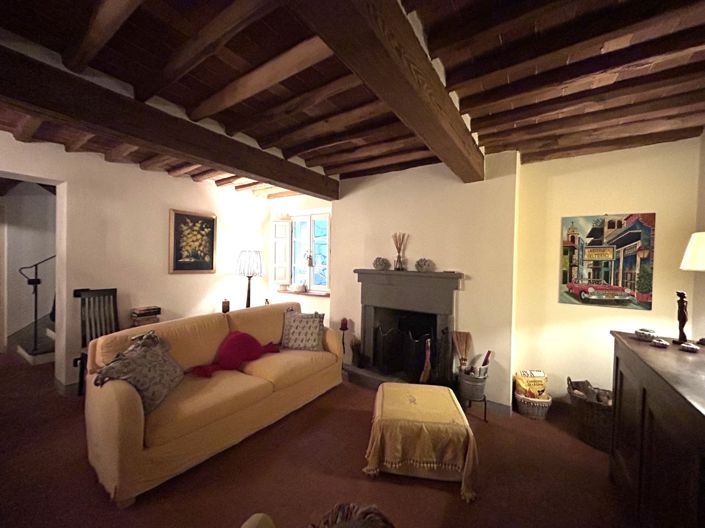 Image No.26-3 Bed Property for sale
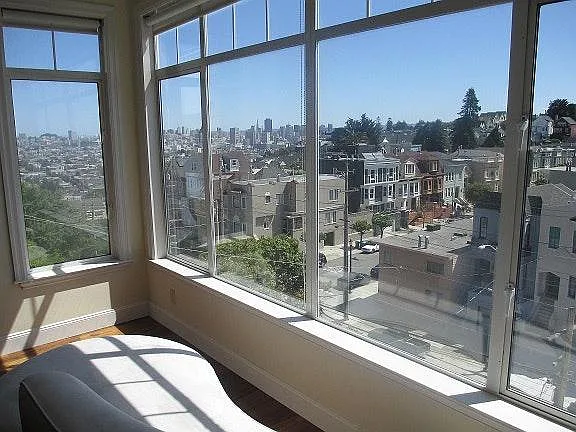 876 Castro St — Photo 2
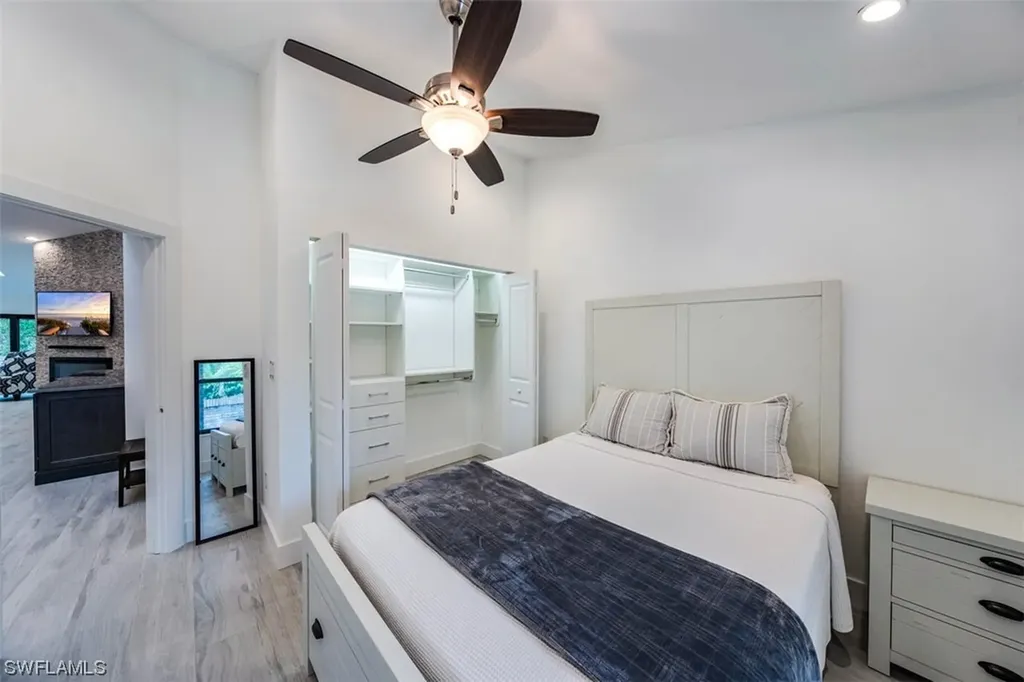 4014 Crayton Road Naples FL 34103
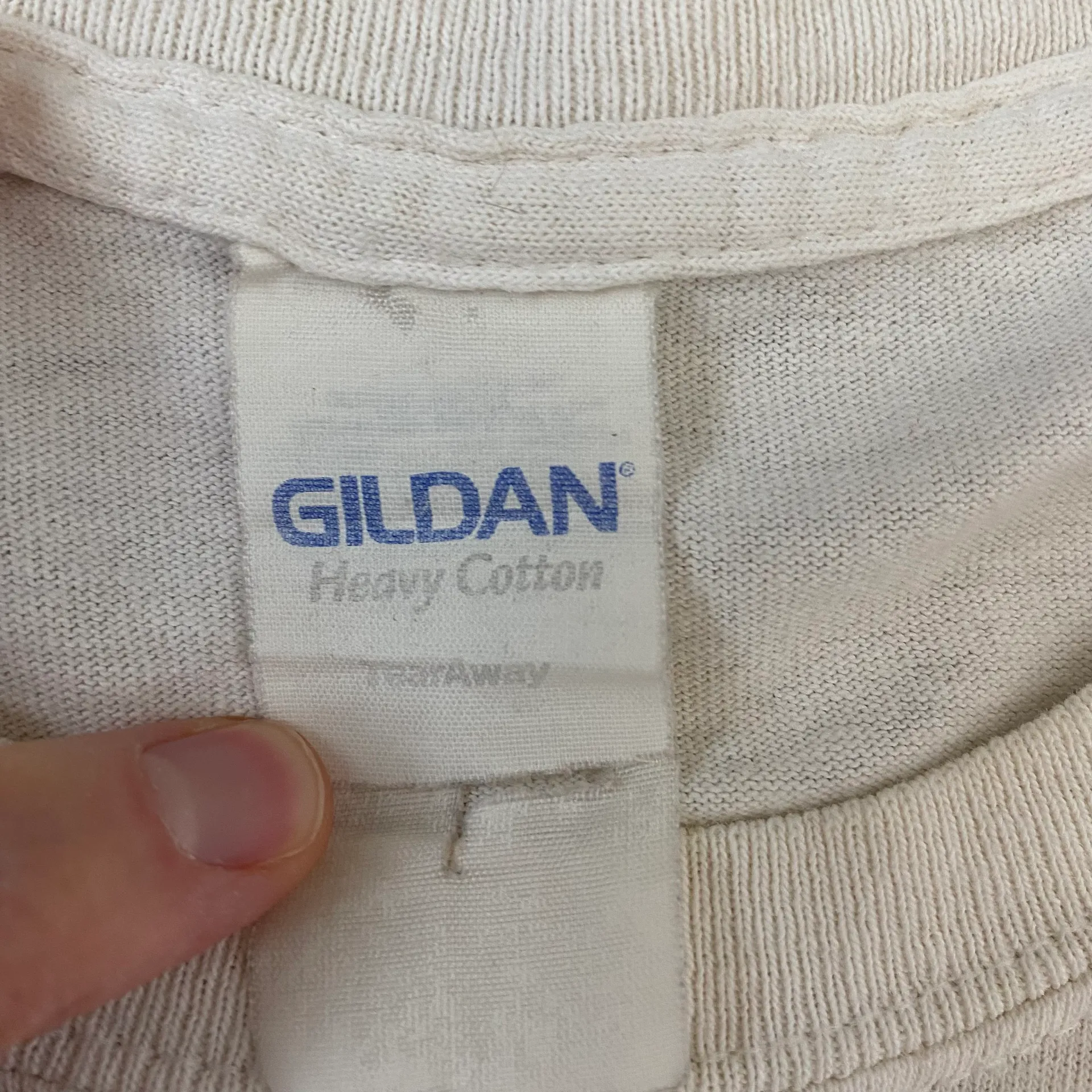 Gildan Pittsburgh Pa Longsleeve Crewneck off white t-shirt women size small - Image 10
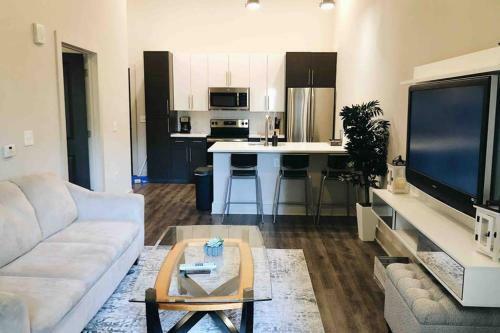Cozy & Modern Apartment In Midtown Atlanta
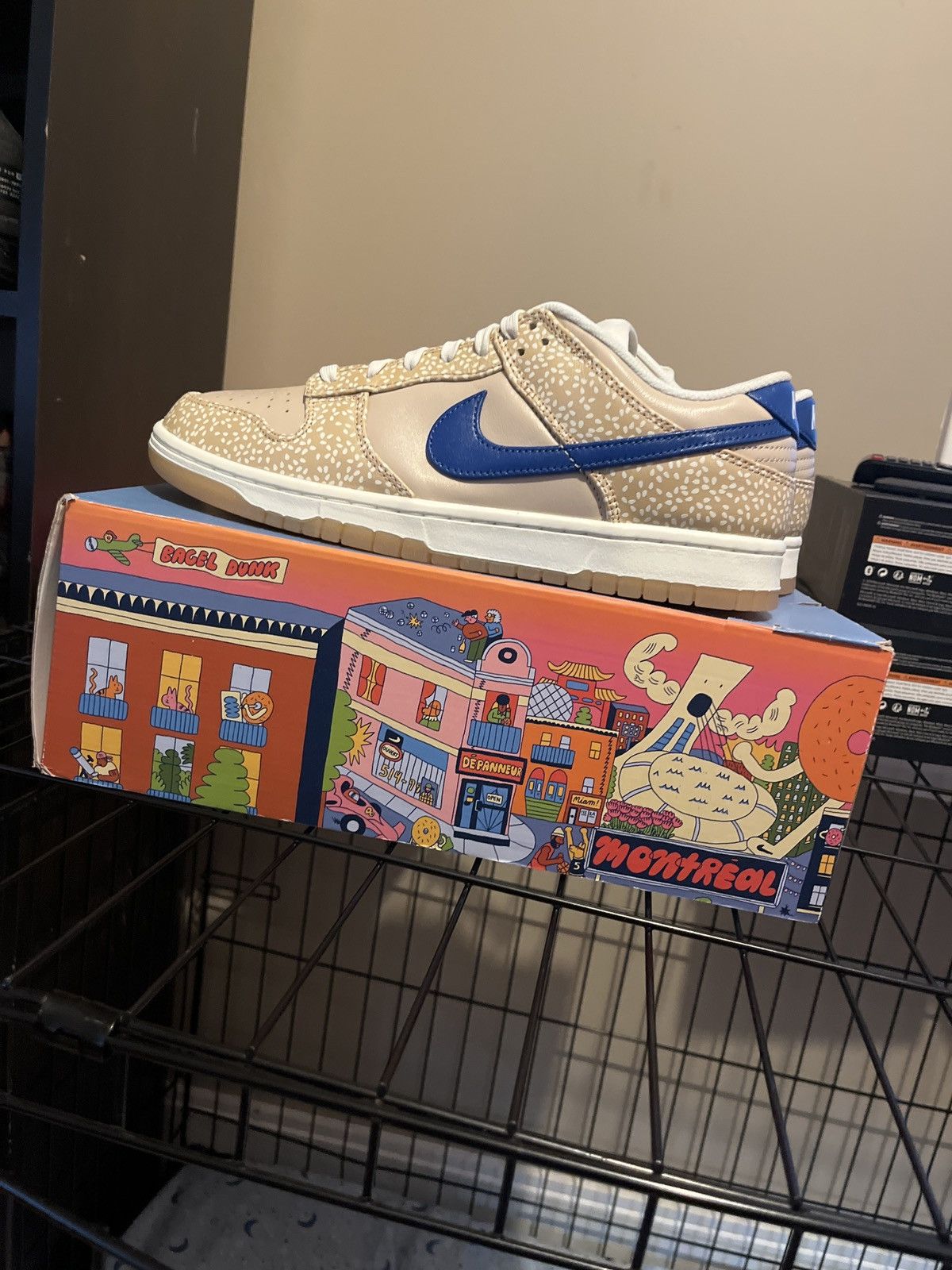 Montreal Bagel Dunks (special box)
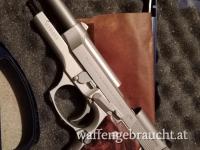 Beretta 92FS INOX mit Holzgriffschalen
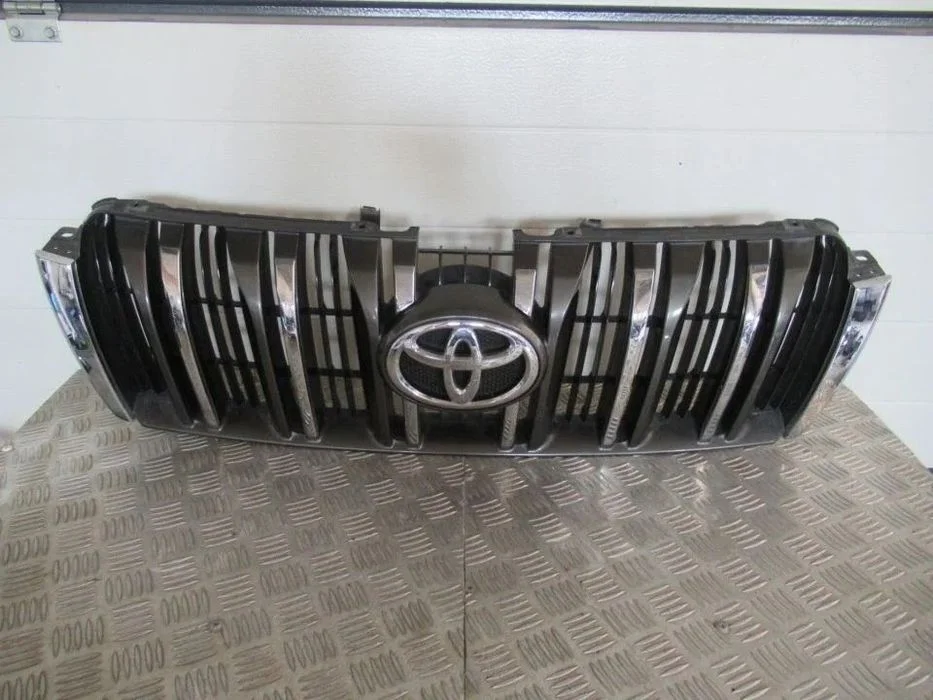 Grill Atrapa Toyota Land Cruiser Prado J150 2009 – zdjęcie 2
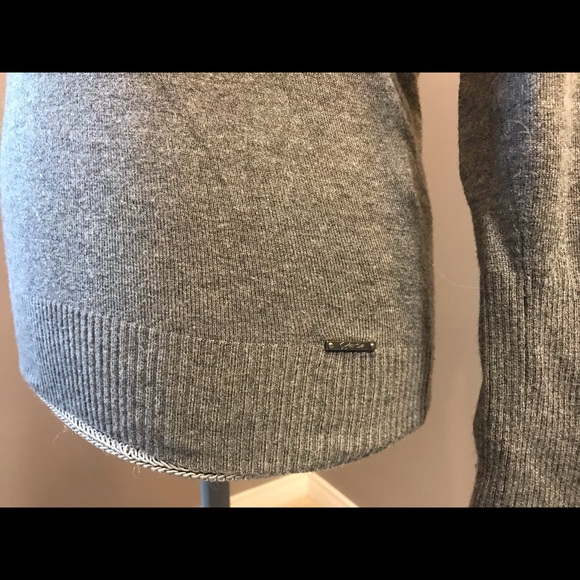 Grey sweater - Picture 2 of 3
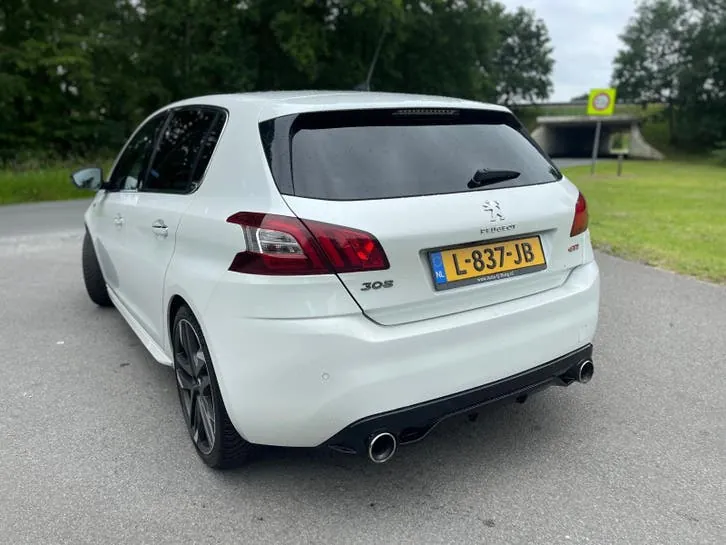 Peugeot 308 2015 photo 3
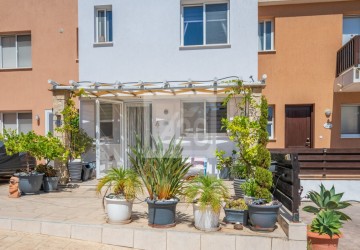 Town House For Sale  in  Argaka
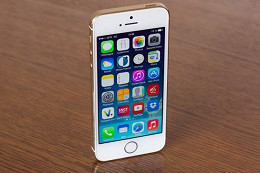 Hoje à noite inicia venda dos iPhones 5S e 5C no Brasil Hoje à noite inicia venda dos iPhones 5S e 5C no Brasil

▶ _The problem_: All that is needed is the exact run of lines from the start of the material above through the one containing "Montreal Bagel Dunks (special box)", pictures left out.

▶ _Written solution_:
 Image No.26-3 Bed Property for sale
 876 Castro St — Photo 2
 4014 Crayton Road Naples FL 34103
 Gildan Pittsburgh Pa Longsleeve Crewneck off white t-shirt women size small - Image 10
Cozy & Modern Apartment In Midtown Atlanta
 Montreal Bagel Dunks (special box)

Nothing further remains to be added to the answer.